The diagnosis or detection of an acute appendicitis would depend mainly on the clinical signs although it would be a tough task in a child who cannot describe the manifestations accurately, not corporative due to the pain or else due to different types of manifestations. Even though this is true, knowing the classical signs of an acute appendicitis would help us to at least guess the possibility of appendicitis in a child. Thus, following signs and symptoms need to be looked into as possible indicators of an acute appendicitis.

-Intense abdominal pain initiated around the umbilicus and gradually shifting towards the right side of the lower abdomen.

-Feeling of nausea and vomiting before and while the intense pain is present.

-Occurrence of either diarrhea or constipation.

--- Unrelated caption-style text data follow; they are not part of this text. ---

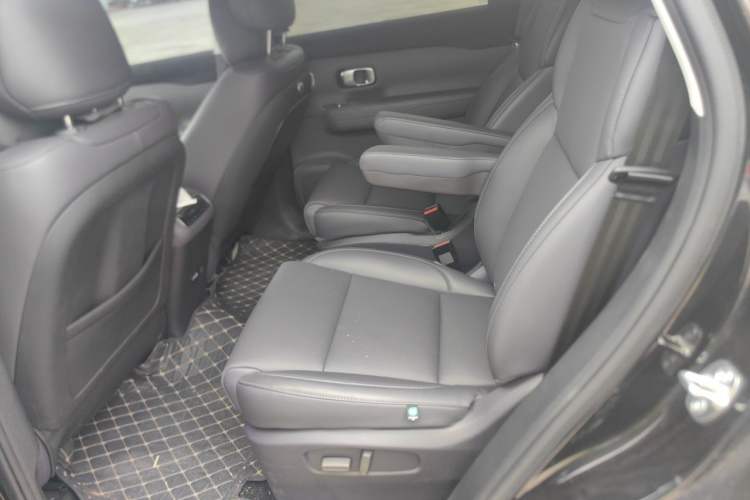 Used Leapmotor C16 2024 Range-Extended 200 Luxury Edition Left Rear Seat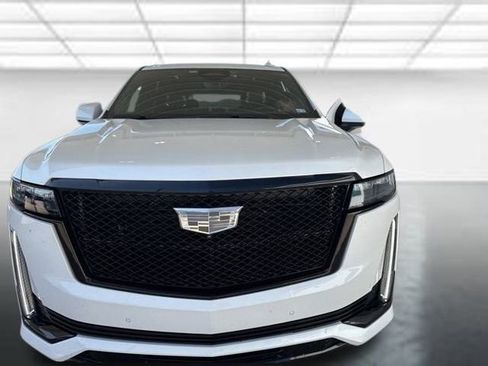 Used 2021 Cadillac Escalade Sport Platinum image 2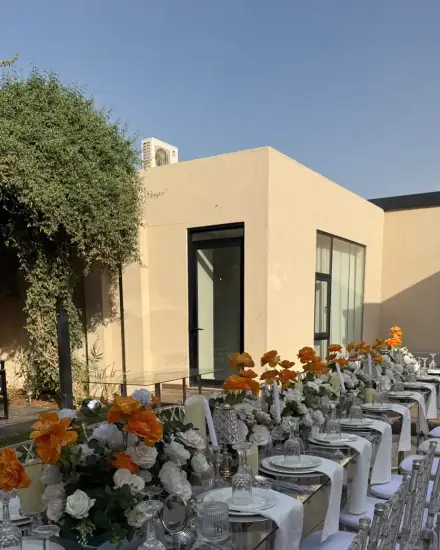 مائدة بالورد البرتقالي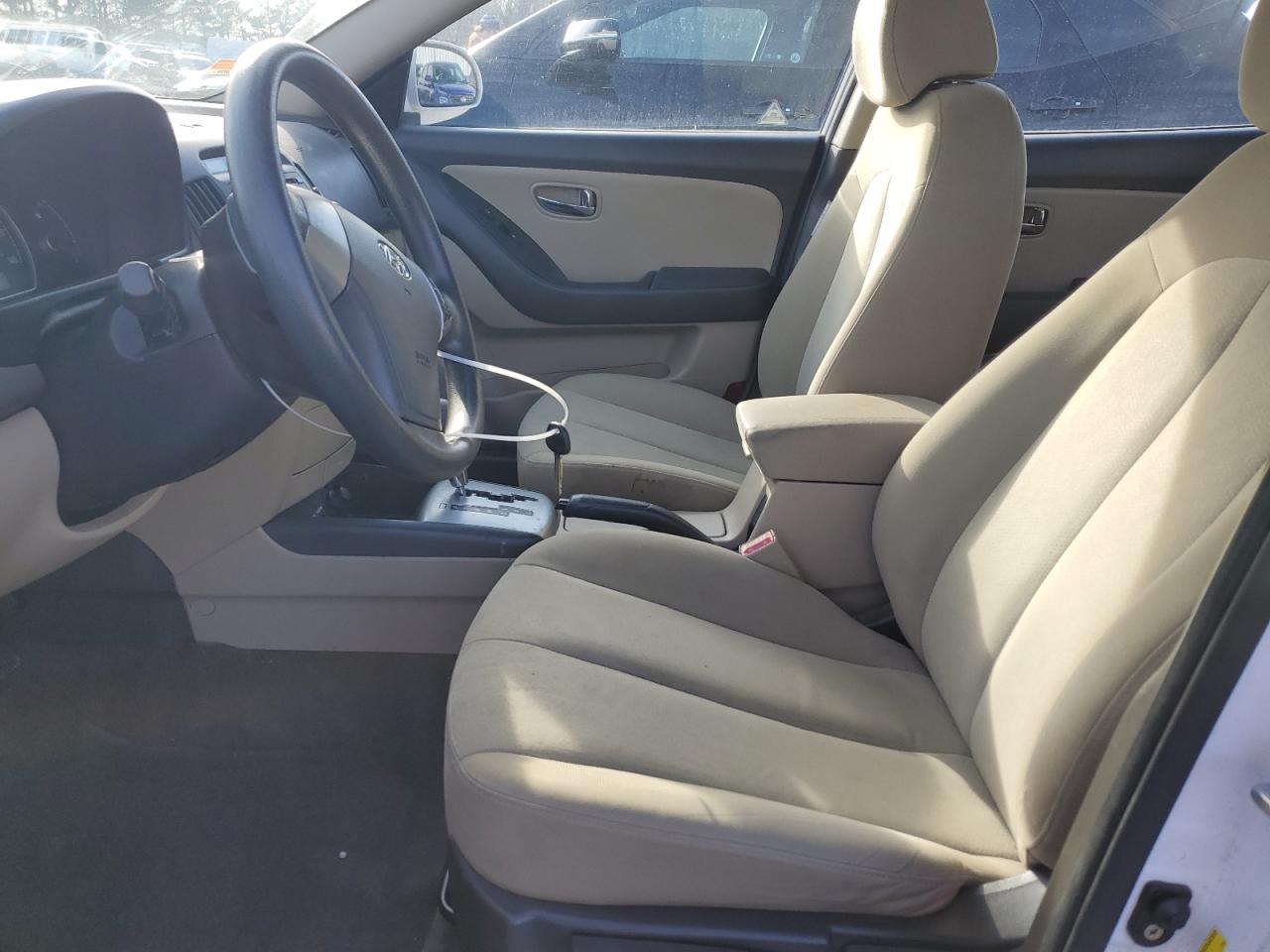 2010 Hyundai Elantra - Image 7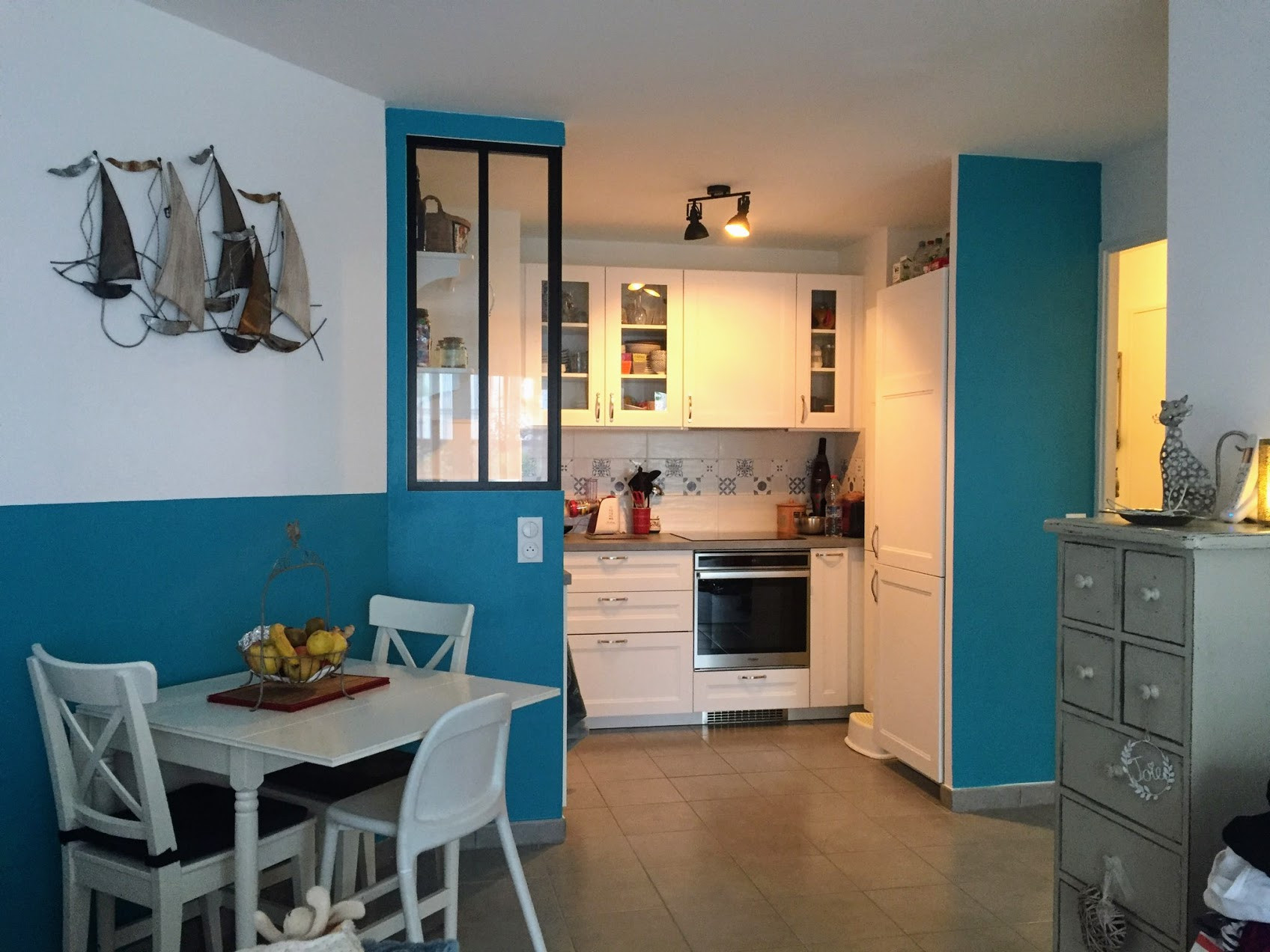 CUISINE: installation d'une cuisine en appartement neuf 7m2
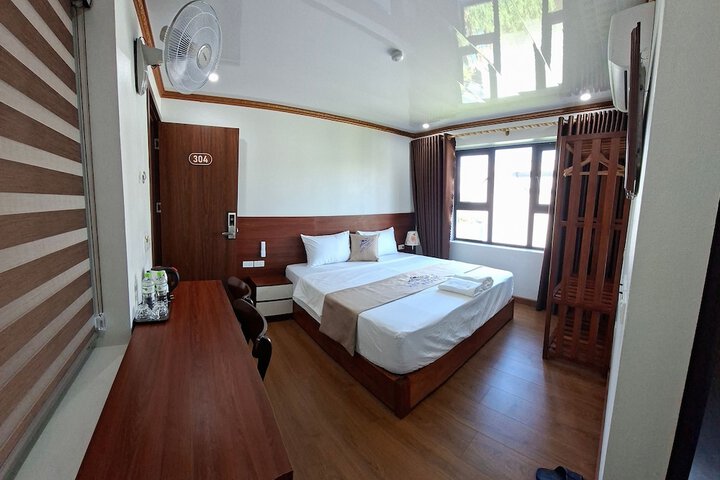 Room 9 of 29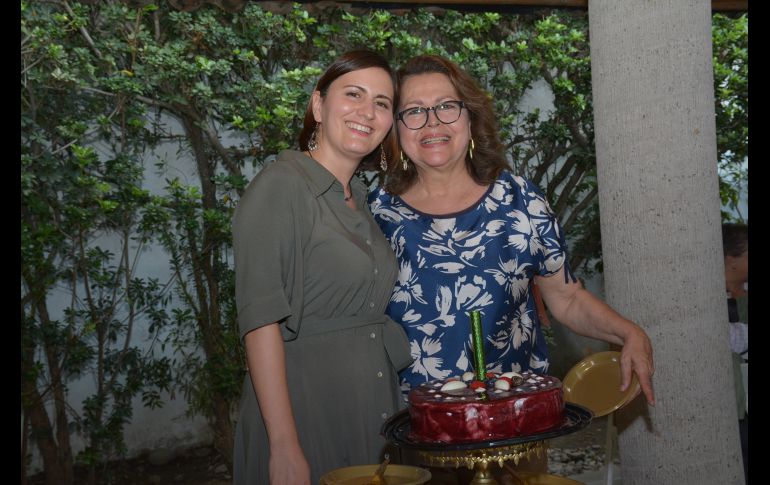 Ana Laura Ruiz Velasco y Lupita Navarro. GENTE BIEN JALISCO/ Marifer Rached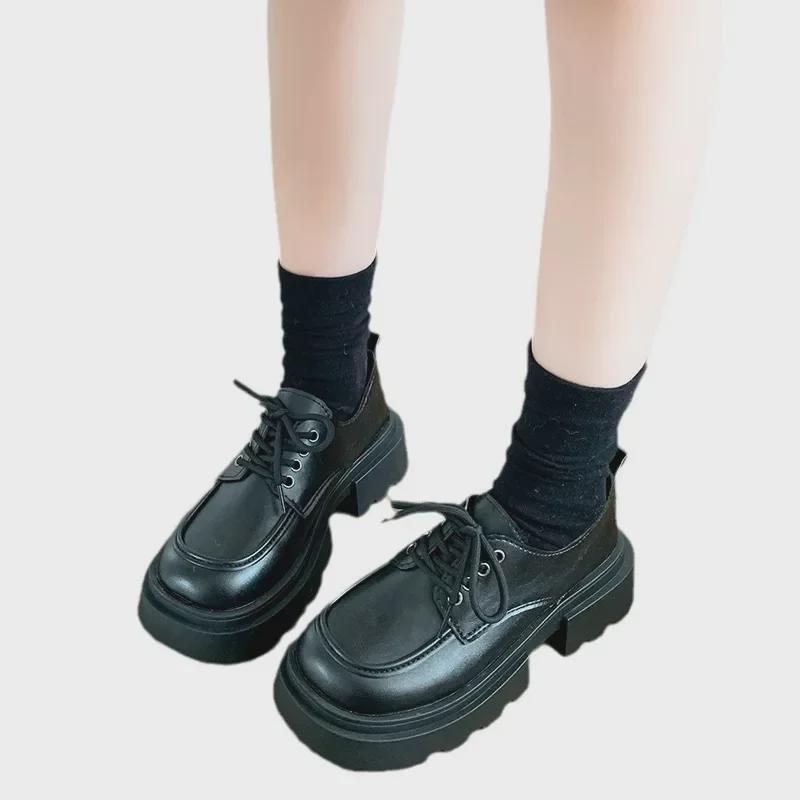 Женские черные кожаные мокасины Mary Jane 2024 года: Британский стиль на толстой подошве — идеально подходит для осенних юбок.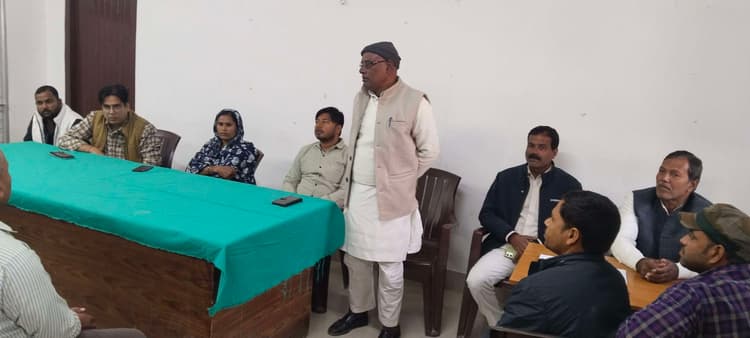 निर्धारित मूल्य पर नहीं मिल रहा खाद, बीज व कीटनाशक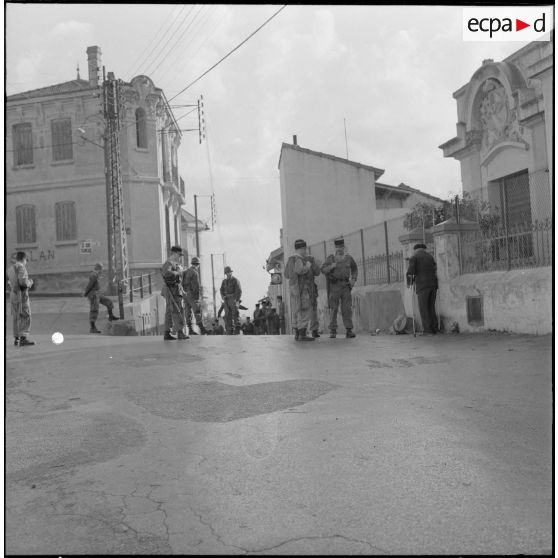 Alger. Bouclage du quartier des Tagarins et du Télemly par les gendarmes.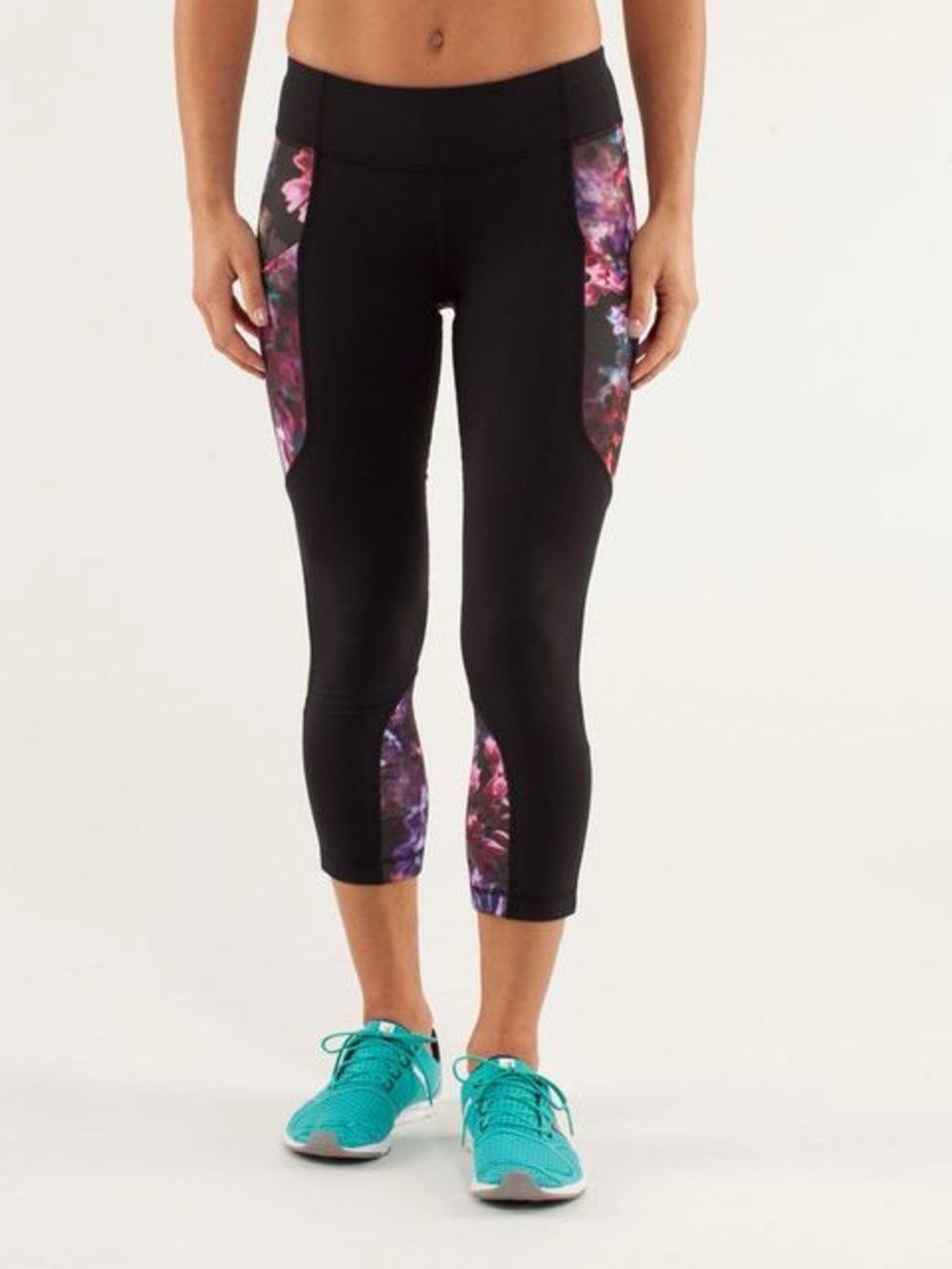 Lululemon run reflect crop leggings black floral women’s 6 cropped spring multi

-Bloated or swelled up abdomen

-Fever

In most instances, a child with acute appendicitis would not let anyone touch the lower abdomen although an older child or a child in less severe pain might allow a person to check. In such instances, the optimal pain would be felt at a location about 2/3rd of the distance from the umbilicus to the protrusion present in the front portion of the hip bone. At the same time, in certain instances, rigidness of the abdomen would also be  found along with a phenomenon known as ‘rebound tenderness’ when the person complain of more pain when a finger pressing on the region is withdrawn.

Although at times these clinical findings are fairly suggestive of an acute appendicitis, it would be supported by imaging studies such as ultrasound scan, CT or MRI to ascertain the exact location and the degree of involvement of the appendix. Furthermore, blood tests would be done in order to detect the level of systemic manifestations of this condition.

Based on these findings, the clinicians would be able to undertake urgent management decision and in acute appendicitis, the preferred mode of treatment would be to surgically remove the inflamed appendix with a course of antibiotics.